Leaving out all pictures, copy the lines below exactly, from the line with "Lynchburg, Tennessee, États-Unis" to the last line, both ends included.

═══ Data block ═══

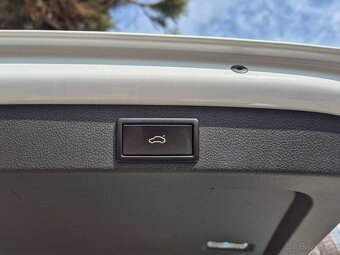 Škoda Superb Combi 2.0 TDI SCR Live DSG - 8
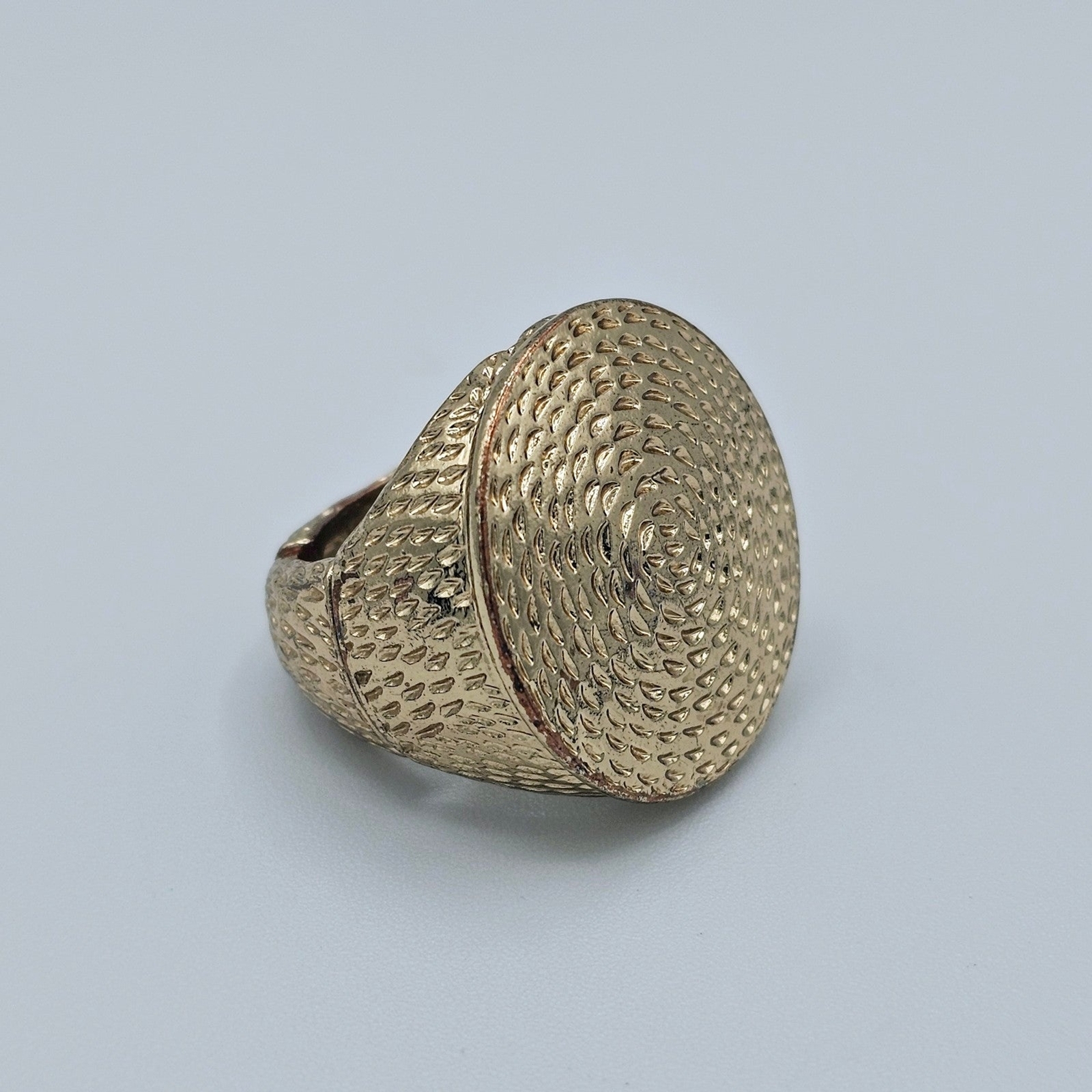 Circle Ring Vintage Stretch Textured Goldtone Fla… - image 3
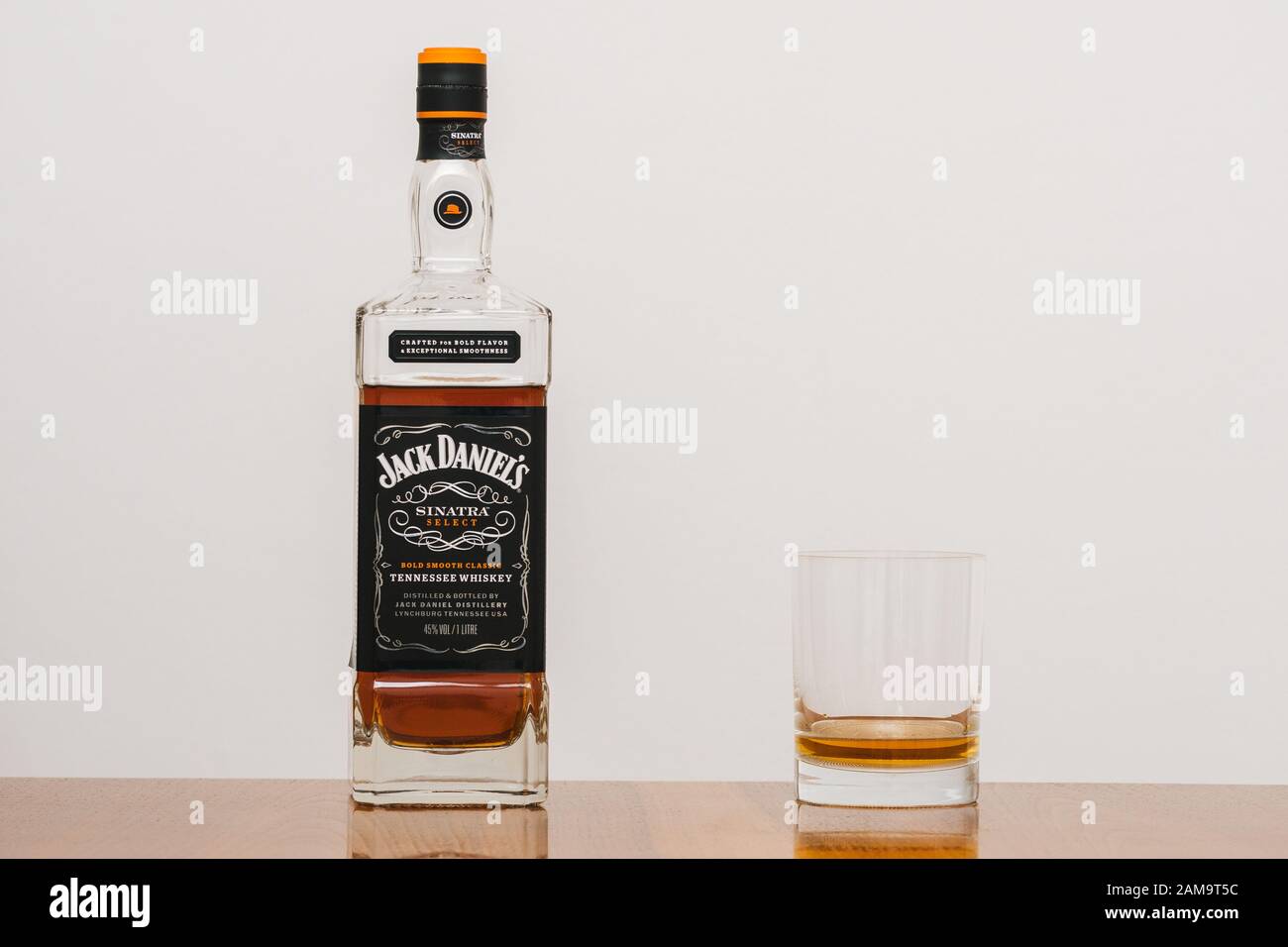Lynchburg, Tennessee, États-Unis - 11 janvier 2020: Jack Daniels Sinatra Tennessee Select Whiskey in a Bottle and a Tumbler Glass on an Elegant Wood Table. A Banque D'Images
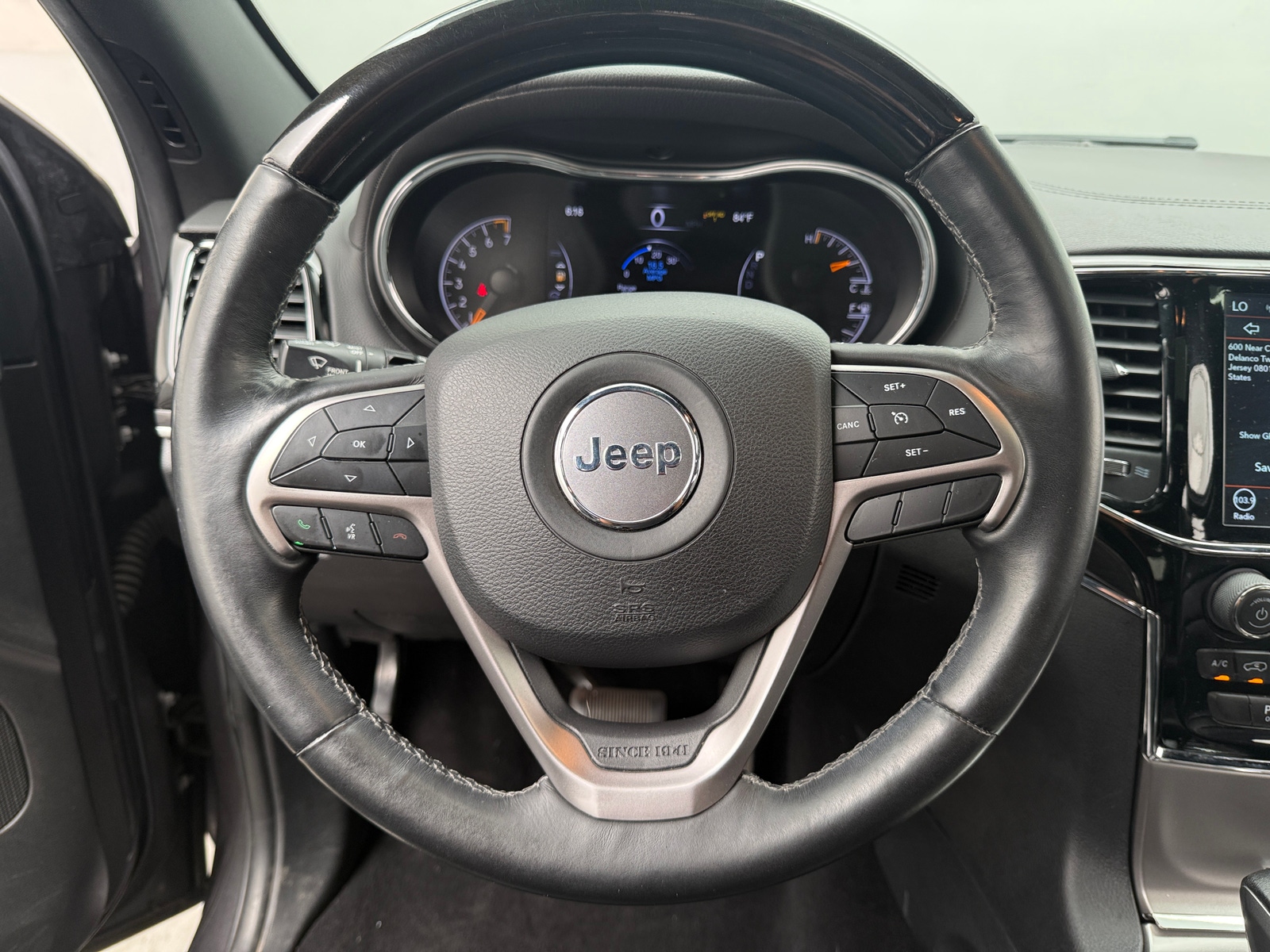 Thumbnail: 2019 Jeep Grand Cherokee - 4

═══

■ Worked solution ■
Lynchburg, Tennessee, États-Unis - 11 janvier 2020: Jack Daniels Sinatra Tennessee Select Whiskey in a Bottle and a Tumbler Glass on an Elegant Wood Table. A Banque D'Images
 Thumbnail: 2019 Jeep Grand Cherokee - 4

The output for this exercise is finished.